The data:
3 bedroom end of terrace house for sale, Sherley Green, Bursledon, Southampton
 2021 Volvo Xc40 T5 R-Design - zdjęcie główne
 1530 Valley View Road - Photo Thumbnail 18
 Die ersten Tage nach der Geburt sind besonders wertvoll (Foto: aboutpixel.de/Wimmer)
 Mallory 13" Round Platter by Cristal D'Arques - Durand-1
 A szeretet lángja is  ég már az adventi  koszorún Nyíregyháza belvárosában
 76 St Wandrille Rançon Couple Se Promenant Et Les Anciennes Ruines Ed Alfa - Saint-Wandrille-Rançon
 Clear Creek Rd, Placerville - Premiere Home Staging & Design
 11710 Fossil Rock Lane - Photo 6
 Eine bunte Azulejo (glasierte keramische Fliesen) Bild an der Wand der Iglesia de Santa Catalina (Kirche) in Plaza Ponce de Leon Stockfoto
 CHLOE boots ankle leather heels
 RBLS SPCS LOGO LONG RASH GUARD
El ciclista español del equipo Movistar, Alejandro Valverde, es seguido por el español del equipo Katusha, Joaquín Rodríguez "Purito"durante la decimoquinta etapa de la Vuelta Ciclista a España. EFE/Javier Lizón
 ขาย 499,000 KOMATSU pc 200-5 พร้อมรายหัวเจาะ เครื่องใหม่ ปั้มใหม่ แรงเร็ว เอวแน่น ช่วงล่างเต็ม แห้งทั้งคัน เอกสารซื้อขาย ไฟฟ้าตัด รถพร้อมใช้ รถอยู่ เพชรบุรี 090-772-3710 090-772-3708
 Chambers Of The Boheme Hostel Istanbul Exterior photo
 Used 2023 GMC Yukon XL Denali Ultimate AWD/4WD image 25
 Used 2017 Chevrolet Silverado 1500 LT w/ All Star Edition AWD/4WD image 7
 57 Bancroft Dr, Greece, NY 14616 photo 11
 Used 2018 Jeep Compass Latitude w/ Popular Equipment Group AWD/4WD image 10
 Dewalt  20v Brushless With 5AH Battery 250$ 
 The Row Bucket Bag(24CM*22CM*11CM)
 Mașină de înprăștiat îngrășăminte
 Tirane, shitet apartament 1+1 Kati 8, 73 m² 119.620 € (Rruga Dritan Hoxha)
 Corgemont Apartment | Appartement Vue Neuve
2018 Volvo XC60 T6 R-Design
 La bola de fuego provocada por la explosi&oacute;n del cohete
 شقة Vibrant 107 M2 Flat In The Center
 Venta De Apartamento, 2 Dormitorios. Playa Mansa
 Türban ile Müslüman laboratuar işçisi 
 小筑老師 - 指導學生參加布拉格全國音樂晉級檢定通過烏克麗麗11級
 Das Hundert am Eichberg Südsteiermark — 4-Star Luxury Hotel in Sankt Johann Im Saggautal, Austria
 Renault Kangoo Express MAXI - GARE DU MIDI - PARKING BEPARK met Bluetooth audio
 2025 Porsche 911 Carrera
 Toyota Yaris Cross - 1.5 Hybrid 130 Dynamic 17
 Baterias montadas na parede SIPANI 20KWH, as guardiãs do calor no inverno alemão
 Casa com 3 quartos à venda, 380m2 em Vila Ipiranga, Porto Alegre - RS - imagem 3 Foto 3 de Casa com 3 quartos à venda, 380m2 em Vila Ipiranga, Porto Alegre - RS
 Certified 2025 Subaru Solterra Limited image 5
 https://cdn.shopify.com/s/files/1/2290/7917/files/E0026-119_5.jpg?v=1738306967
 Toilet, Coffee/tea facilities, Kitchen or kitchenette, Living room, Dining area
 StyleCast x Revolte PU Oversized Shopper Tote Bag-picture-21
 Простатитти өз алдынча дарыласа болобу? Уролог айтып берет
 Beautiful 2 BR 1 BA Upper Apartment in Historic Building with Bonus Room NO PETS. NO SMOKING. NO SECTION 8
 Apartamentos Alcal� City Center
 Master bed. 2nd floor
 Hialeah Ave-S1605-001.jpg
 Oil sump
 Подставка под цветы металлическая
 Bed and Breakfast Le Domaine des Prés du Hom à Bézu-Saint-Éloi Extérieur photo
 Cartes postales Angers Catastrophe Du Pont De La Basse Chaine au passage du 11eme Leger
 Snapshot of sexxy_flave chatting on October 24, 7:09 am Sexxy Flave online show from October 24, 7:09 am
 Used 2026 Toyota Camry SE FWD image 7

Exercise: Set down exactly what runs from the line with "Venta De Apartamento, 2" to the last line of the data above, including both of those lines and no others.

Answer to this task:
 Venta De Apartamento, 2 Dormitorios. Playa Mansa
 Türban ile Müslüman laboratuar işçisi 
 小筑老師 - 指導學生參加布拉格全國音樂晉級檢定通過烏克麗麗11級
 Das Hundert am Eichberg Südsteiermark — 4-Star Luxury Hotel in Sankt Johann Im Saggautal, Austria
 Renault Kangoo Express MAXI - GARE DU MIDI - PARKING BEPARK met Bluetooth audio
 2025 Porsche 911 Carrera
 Toyota Yaris Cross - 1.5 Hybrid 130 Dynamic 17
 Baterias montadas na parede SIPANI 20KWH, as guardiãs do calor no inverno alemão
 Casa com 3 quartos à venda, 380m2 em Vila Ipiranga, Porto Alegre - RS - imagem 3 Foto 3 de Casa com 3 quartos à venda, 380m2 em Vila Ipiranga, Porto Alegre - RS
 Certified 2025 Subaru Solterra Limited image 5
 https://cdn.shopify.com/s/files/1/2290/7917/files/E0026-119_5.jpg?v=1738306967
 Toilet, Coffee/tea facilities, Kitchen or kitchenette, Living room, Dining area
 StyleCast x Revolte PU Oversized Shopper Tote Bag-picture-21
 Простатитти өз алдынча дарыласа болобу? Уролог айтып берет
 Beautiful 2 BR 1 BA Upper Apartment in Historic Building with Bonus Room NO PETS. NO SMOKING. NO SECTION 8
 Apartamentos Alcal� City Center
 Master bed. 2nd floor
 Hialeah Ave-S1605-001.jpg
 Oil sump
 Подставка под цветы металлическая
 Bed and Breakfast Le Domaine des Prés du Hom à Bézu-Saint-Éloi Extérieur photo
 Cartes postales Angers Catastrophe Du Pont De La Basse Chaine au passage du 11eme Leger
 Snapshot of sexxy_flave chatting on October 24, 7:09 am Sexxy Flave online show from October 24, 7:09 am
 Used 2026 Toyota Camry SE FWD image 7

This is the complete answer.